Che esperienza è stata questa malattia?
«La parola “tumore”, inutile negarlo, fa paura. Io sono passato in poche ore da essere un corridore da Tour, quindi più che sano, a essere operato per un tumore. Il salto è stato brusco. I giorni dopo l’intervento sono stati i più difficili, però non ho mai perso l’ottimismo. È chiaro che un’esperienza così ti segna, ti cambia un po’ le prospettive e il modo di prendere la vita. Domenica sera mi sono mangiato anche un piatto di carbonara, cosa che desideravo da anni, e ho bevuto un bicchiere di vino buono».
Se dovesse smettere, cosa le piacerebbe fare?
«Mi piacerebbe restare nel ciclismo, ma non per comodo o perché non voglio stare a casa con la mia famiglia. Mi piacerebbe costruirmi un ruolo di responsabilità all’interno di una squadra. Se i risultati vengono sono bravo, se non vengono mi cacciano, fuori. Però sono convinto di potere fare bene. Per farti ascoltare da fuoriclasse come Contador e Sagan devi essere credibile».
Ecco Contador: che rapporto è nato con lui?
«Fantastico. Alberto è un corridore eccezionale, un professionista esemplare e un uomo straordinario. Essere stato sei mesi suo compagno di camera è stato meglio di un master nella migliore università del mondo. Mi piacerebbe lavorare al suo fianco in futuro. Però ho un rammarico. Non essere stato in grado di aiutarlo come avrei voluto. Pensavo di essere in grado di pilotarlo finché davanti rimanevano 3-4 corridori, invece mi staccavo da 30. Devo dire che in alcuni momenti è stato anche umiliante. Poi quando sul Finestre sentivo che il suo distacco da Aru aumentava mi sentivo morire. Avrei fatto qualsiasi cosa pur di dargli una mano, invece ogni tanto mi aggrappavo alla radio: “Vamos campeon, vamos Alberto».
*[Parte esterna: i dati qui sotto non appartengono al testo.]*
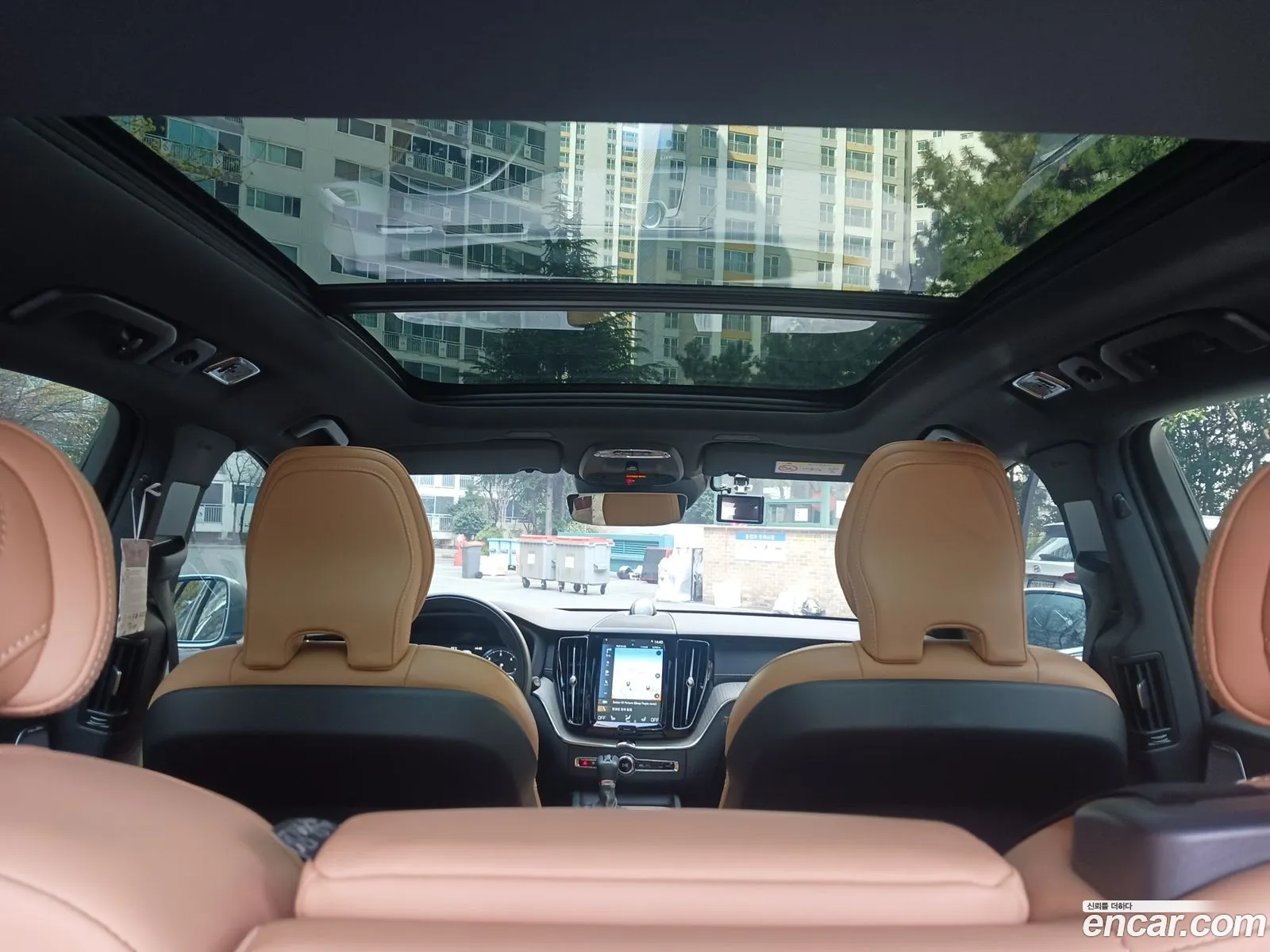 Volvo XC60 2019 — 16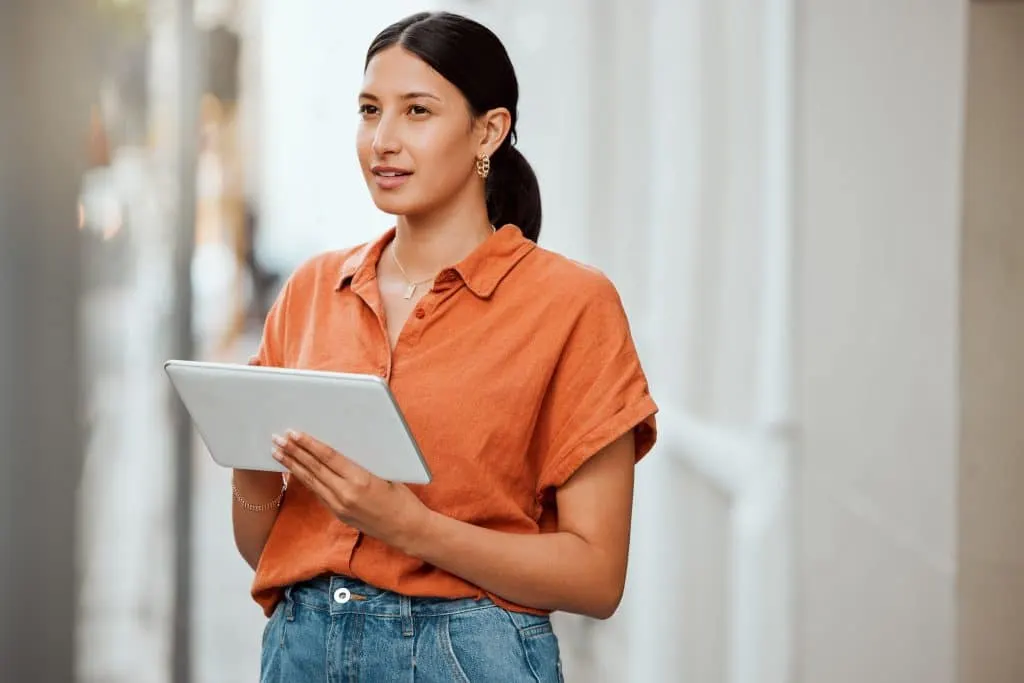 HubSpot: the essentials for successful online marketing (rewritten in 90 characters)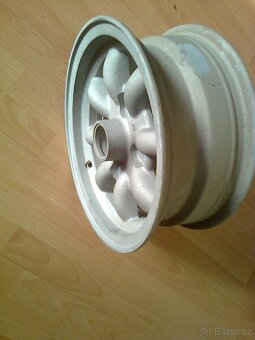 Alu kola peg 4x130 - 2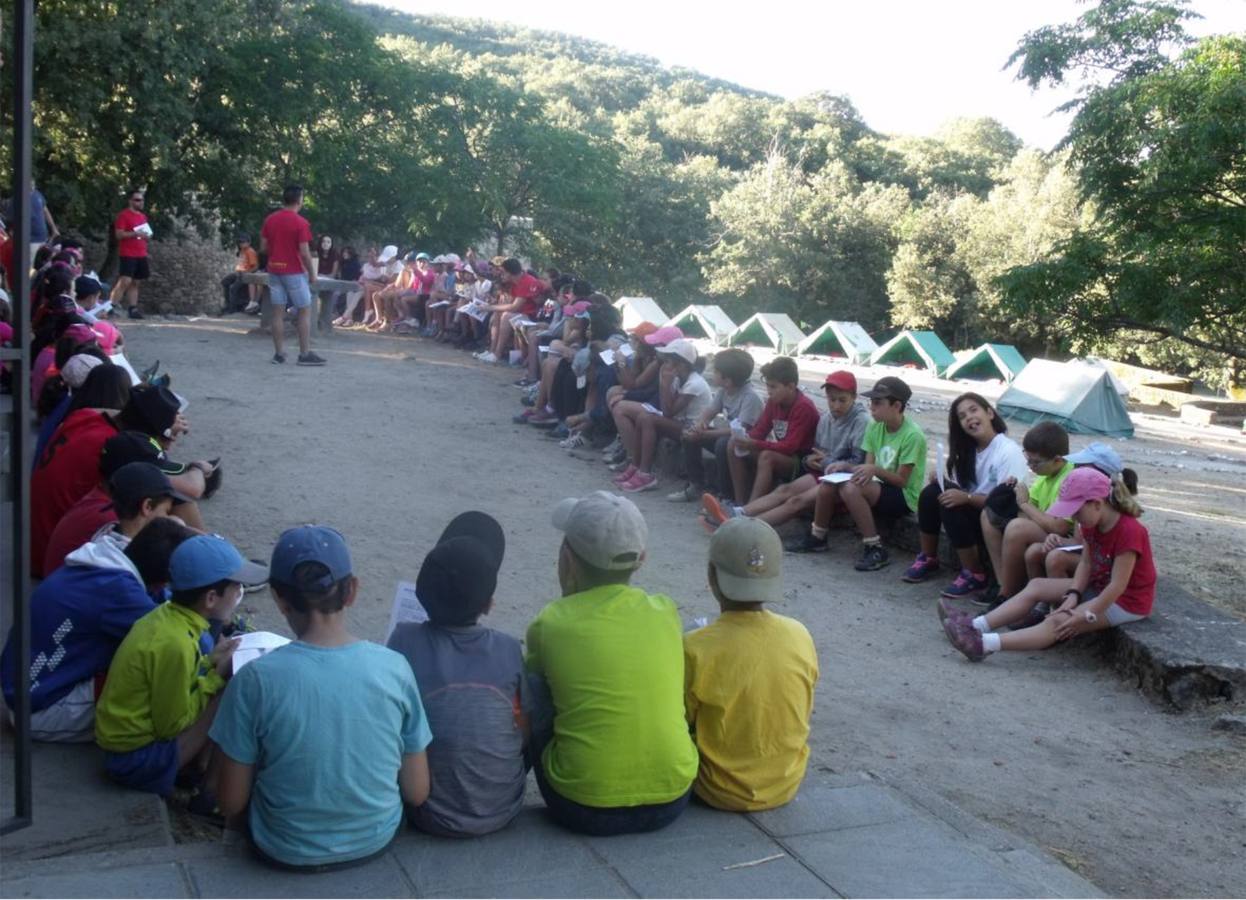 Niños en una de las actividades del campamento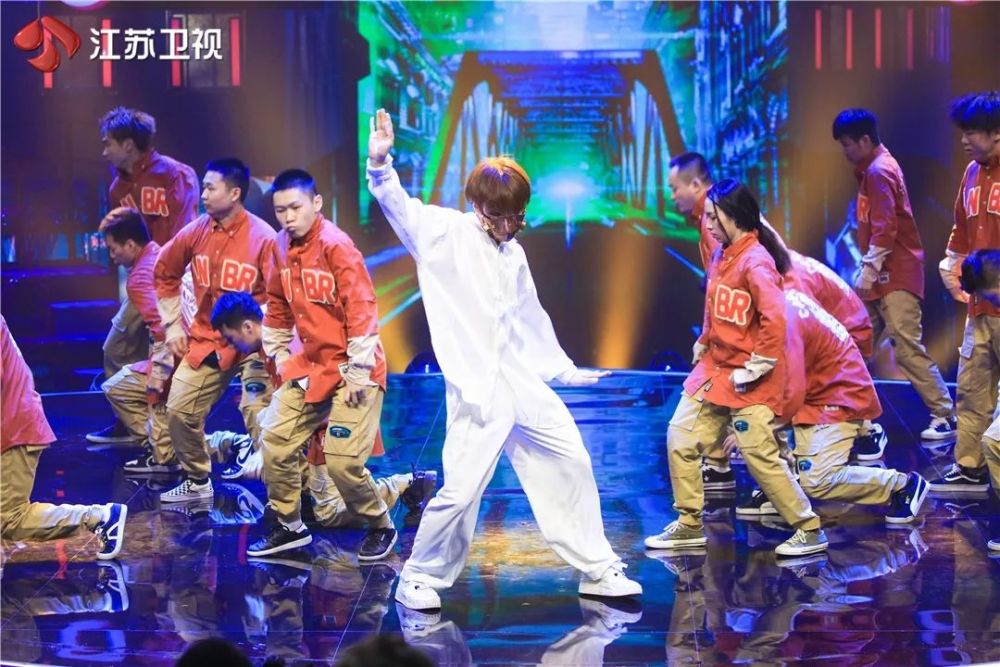 蒙面舞王|综艺也套打，《蒙面舞王》强强联合炸场不断，三大原因让节目好看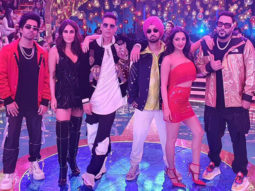 Akshay Kumar reveals the glimpse of Good Newwz coming our way THIS Christmas!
A proposito di corse, chi vincerà la Vuelta?
«Se Landa sarà quello del Giro, occhio. Chi ha corso il Tour credo che un po’ sentirà la fatica».
E Nibali?
«Vincenzo è un grande, grandissimo. Vincenzo è un campione fortissimo, un uomo semplice, genuino, una bravissima persona. Attorno ha persone valide e altre meno. C’è chi vorrebbe “costruire” una rock star, ma Nibali non è così. E anche questo fa parte del suo essere straordinario».